After upgrades complete for servers 1 and 2 they are moved back to active. Servers 3 and 4, however, are transitioned into a standby state in a standby pool.

Thereafter, servers 5 and 6 are moved to the upgrade state and updated accordingly. Finally, after all upgrades are completed, servers 5 and 6 are put into one or more standby pools. If it is anticipated that additional capacity will be needed, servers 5 and 6, for example, can be moved to a shallow standby state (e.g., hibernate) with servers 3 and 4 in a primary standby pool. Alternatively, if it is not anticipated that additional capacity will be needed in the immediate future, servers 5 and 6 can be put into a deep standby state (e.g., powered down) in a secondary standby pool.

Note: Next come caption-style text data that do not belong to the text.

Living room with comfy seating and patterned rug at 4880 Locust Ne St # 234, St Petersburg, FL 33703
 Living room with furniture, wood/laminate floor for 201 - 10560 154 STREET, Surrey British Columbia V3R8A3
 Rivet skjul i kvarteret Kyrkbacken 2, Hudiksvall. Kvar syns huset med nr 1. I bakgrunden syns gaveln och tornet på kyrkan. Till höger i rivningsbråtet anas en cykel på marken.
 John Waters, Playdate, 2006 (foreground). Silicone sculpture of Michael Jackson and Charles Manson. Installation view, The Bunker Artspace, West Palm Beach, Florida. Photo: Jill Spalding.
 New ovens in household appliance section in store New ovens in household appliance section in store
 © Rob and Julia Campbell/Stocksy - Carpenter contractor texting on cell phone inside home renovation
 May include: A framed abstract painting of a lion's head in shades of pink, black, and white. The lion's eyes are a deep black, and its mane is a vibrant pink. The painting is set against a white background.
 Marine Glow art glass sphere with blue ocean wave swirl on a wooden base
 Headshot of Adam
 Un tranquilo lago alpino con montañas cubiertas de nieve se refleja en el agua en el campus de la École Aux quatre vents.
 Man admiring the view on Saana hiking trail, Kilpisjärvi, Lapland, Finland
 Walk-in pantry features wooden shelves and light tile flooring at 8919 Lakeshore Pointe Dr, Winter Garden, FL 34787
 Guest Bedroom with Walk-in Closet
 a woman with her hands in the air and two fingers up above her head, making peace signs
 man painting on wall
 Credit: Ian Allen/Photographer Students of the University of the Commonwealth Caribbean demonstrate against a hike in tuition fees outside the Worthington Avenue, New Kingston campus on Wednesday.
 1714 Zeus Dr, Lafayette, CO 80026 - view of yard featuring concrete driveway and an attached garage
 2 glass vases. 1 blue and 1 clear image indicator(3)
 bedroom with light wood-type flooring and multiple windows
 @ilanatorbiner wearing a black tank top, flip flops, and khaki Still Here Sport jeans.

It will be appreciated that the foregoing examples illustrate how the various server machines can be upgraded and migrated without affecting system capacity and while also improving efficiency and reducing the processing costs associated with maintaining extra server inventory.

Another exemplary embodiment is illustrated in FIG. 5. As shown, FIG. 5 includes a flowchart 500 of acts that can be performed to facilitate managing and dynamically migrating a finite quantity of machines between different server pools in a server cluster. As before, the plurality of server pools includes an active pool and at least one standby pool, wherein machines in the active pool are machines that are available to be connected to clients in network sessions and wherein machines in the at least one standby pool are unavailable to be connected to clients in network sessions.

The illustrated method includes assigning a first set of machines to an active pool (510), wherein at least one of the first set of machines in the active pool operates as a stateful machine that is connected to at least one client in a lengthy and stateful session.

Then a demand to update the first set of machines is identified (520), as well as a status and capability of each of the first set of machines (530). It is then determined whether it is more appropriate to update the particular one or more of the first set of machines than a different one or more of the first set of machines based upon the status and capabilities of each of the first set of machines in the active pool (540).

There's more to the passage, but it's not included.